Leyland for Governor

Granted, everyone bitched. He couldn’t do this right or that right. He certainly couldn’t manage a bullpen -- but what about the bullpen that Dombrowski gave him. I mean, come on, Ryan Perry was a future closer, right? A series of botched draft choices and ill-advised signings constantly led to the bullpen being the white whale to Leyland’s Captain Ahab. Ah, Captain Hook, the former Tigers manager created the modern bullpen. Sparky Anderson diminished the role of the starter and dramatized the role of the bullpen. Leyland turned out to be genius in the end. Those who complained would have welcomed him back by July of Ausmus’ first year.

"Bad" Ausmus

Ausmus was a colossal failure. His first month was great but after that, not so much. Ausmus brought a different approach for a month. The Tigers were stealing bases and being agressive, but a moratorium was placed on the aggressiveness on May 1. And from then on out, Ausmus’ Tigers teams were more like a ‘70s era Baltimore Orioles team: looking for that three-run home run. This is not necessarily all Ausus’ fault, though. During his second season in Detroit, the Tigers owner at the time, Mike Illitch, suddenly fired longtime GM Dombrowski and replaced him with his longtime assistant Al Avila.

What Really Happened?

I would still like to read a novel about WHAT HAPPENED! Dombrowski, despite his inability to put together a good bullpen, turned around an organization that was moribund for several years. Randy Smith was the umpteenth in a series of inept General Managers, so when Illitch paid the money to bring in Dombrowski to run the organization, the fan base was fired up. The jury is still out on Avila. His first offseason signings left a great deal of confusion (Zimmermann — only team bidding for him; Pelfrey — really a two-year package?; Mark Lowe — okay, maybe this one sort of made sense; Justin Upton — paid a lot of money). After the 2015 August reboot, the offseason was confusing, especially when the Tigers suddenly signed Upton. Upton was a good ballplayer, but didn’t necessarily fit at the time and situation of the rebooting team.

Next Era

Currently, Avila is still on as the GM; however, Ausmus is out as manager. The Tigers turn the page, seemingly. They have a young cast of characters and virtually no chance of signing any free agents of note in the offseason. The youngsters could make a difference. I wouldn’t be surprised to see the Tigers deal both Ian Kinsler and Jose Iglesias this winter. That would be a good move for the team and its history. The numbers they wear, #3 and #1 respectively, could finally be retired for Tigers legends Alan Trammell and Lou Whitaker. This deserves to happen. This has to happen at this point! It could be a tough couple of years for the Tigers, but the long-term outlook could be good. No question, though, they missed the boat on a World Championship in the best era of Tigers baseball.

Comerica National Park

The Tigers have to build the team for the stadium. The team plays in one of baseball’s largest parks, so they need to do five things to compete and finally win a Championship.

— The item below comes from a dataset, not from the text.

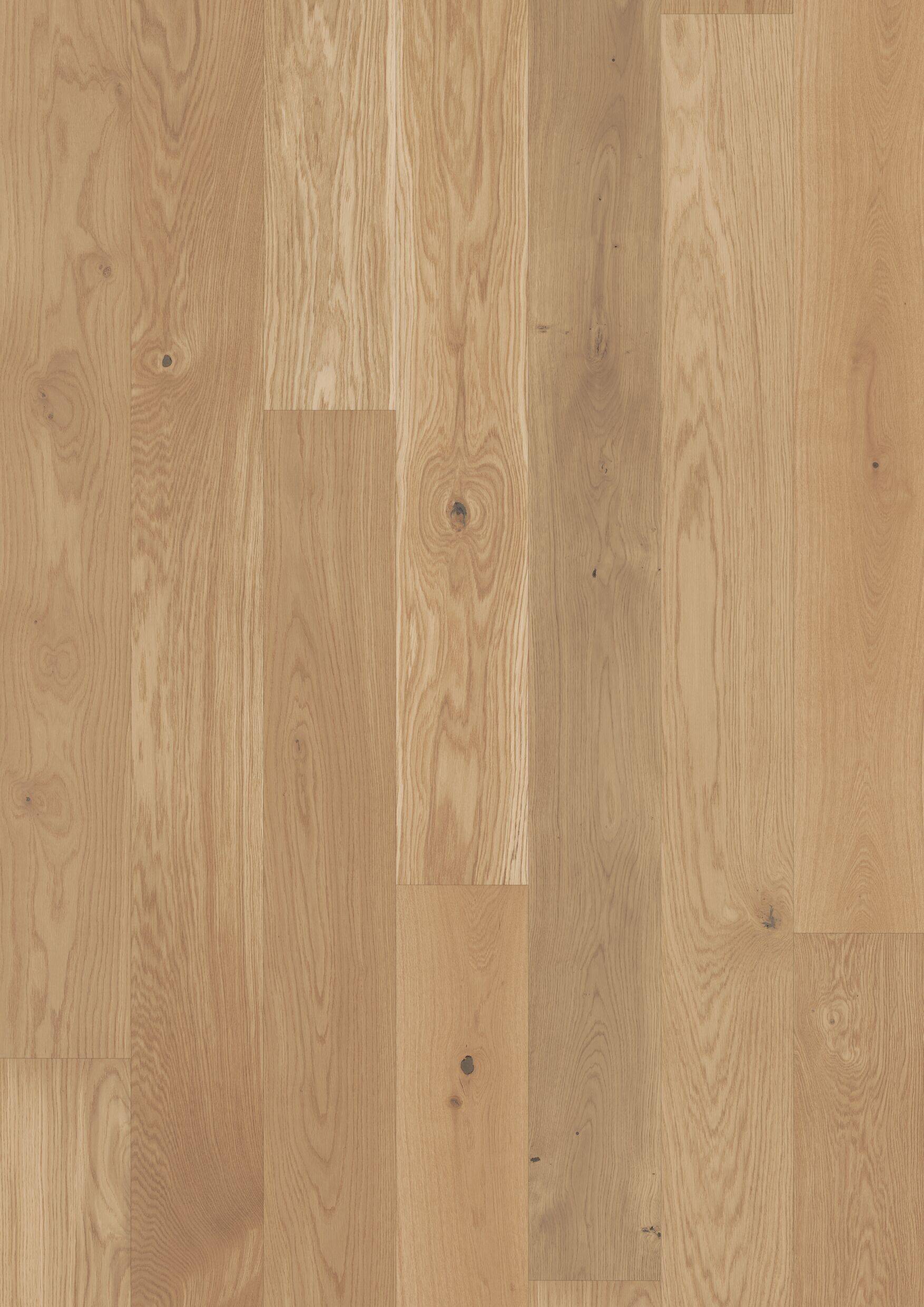 1101012175_FP_T04_Eiche-lichtbeige_OF-Plan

  1. Build an outfield that has speed and can chase the ball down. The new era of Tigers baseball has to focus on defense. A defensive team in Comerica Park makes more sense than a power team. While you’re at it, build a defensive infield, as well. Defense will win a Championship.
  2. Don’t focus only on a pitching staff with the so-called “power arms.” Build a pitching staff that will keep opponents off balanced in a three-game series. Focus on quality pitchers who can win games. The Dombrowski power arm era didn’t lead to a title.
  3. Build a bullpen organically. Find and develop people within the organization who can be relievers and make it work. They did it with Drew Smyly and can do it with others.
  4. Harken back to the ‘80s and swipe bases. Make this team different from all others and exploit the stadium. Build a team that can run, run, run and keep opposing defenses completely off balance. Make the other teams make mistakes.
  5. Hire a manager who can develop a team and is willing to hire teachers as coaches who can build a team for the long run.

Let’s hope the Tigers can turn it around. Right now, they have the worst record in baseball.